Debating The '68 Comparison

Drum says for everyone to "chill out":

I'd like to offer a historical counterexample: 1968. Consider. The Democratic incumbent president was forced to withdraw after a primary debacle in New Hampshire. The Vietnam War had split liberals into warring factions and urban riots had shattered the LBJ's Great Society legacy. A frenzied primary season reached all the way to California in June, culminating in the assassination of Robert F. Kennedy. The Democratic Convention in Chicago was a nationally televised battle zone. Hubert Humphrey, the party's eventual nominee, had never won a primary and was loathed by a significant chunk of the liberal community. New Left radicals hated mainstream Democrats more than they hated Republicans.

In other words, this was the mother of all ugly, party-destroying campaigns. No other primary campaign in recent memory from either party has come within a million light years of being as fratricidal and ruinous. But what happened? In the end, Humphrey lost the popular vote to Nixon by less than 1%. A swing of about a hundred thousand votes in California would have thrown the election into the House of Representatives.

Nyhan counters:

This is all true, but it's important to remember that Humphrey drastically underperformed in 1968 relative to what we would expect given the state of the economy at the time (a result that is often attributed to Vietnam War deaths).
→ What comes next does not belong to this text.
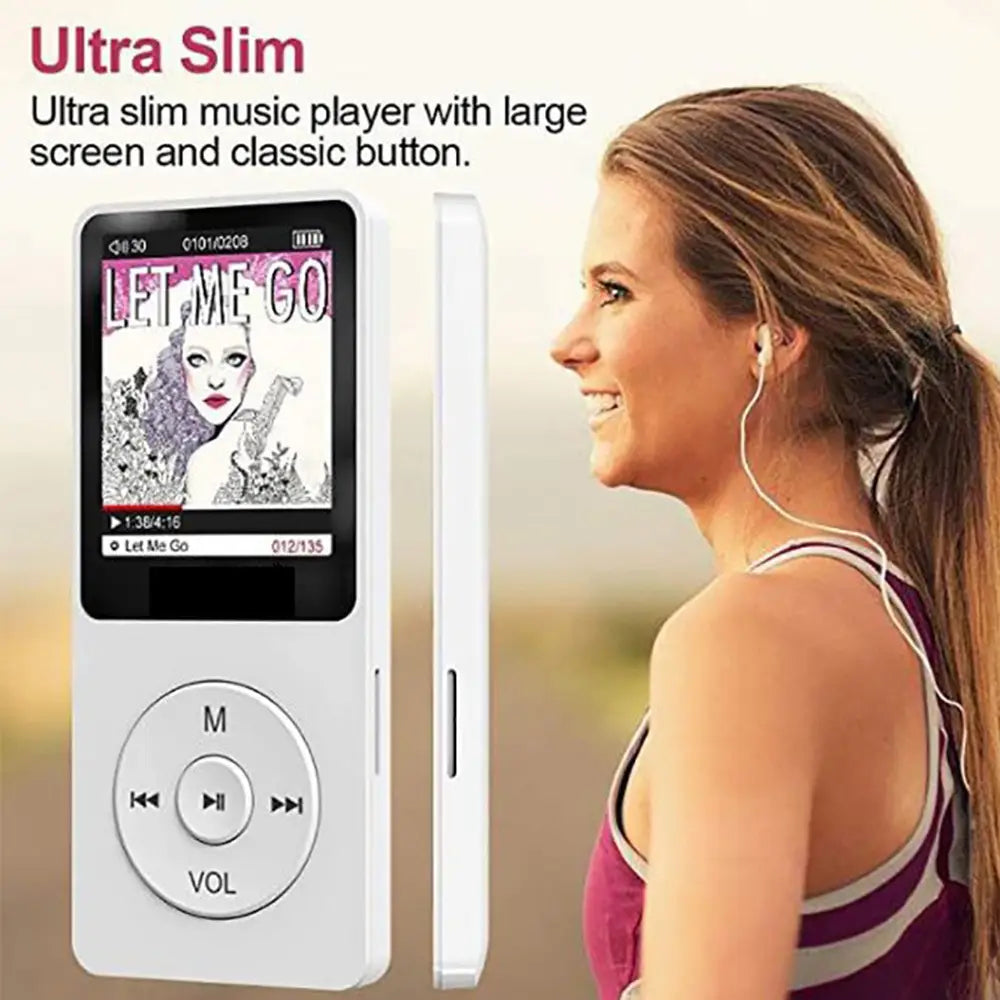 Portable Mini MP3 Player HiFi Music Walkman 4.0 Bluetooth Support Two-Way Transmission FM Radio Voice Recorder eBook Auto Browse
We can't quantify what damage was done by the polarizing primary campaign, but it's hard to see how it would help.

Democrats risk a similar scenario -- a destructive primary campaign could turn a possible rout in November into a 50/50 coin flip a la 1968. And even if they do win, any significant reduction in the popular/electoral vote margin could have significant legislative and political consequences going forward.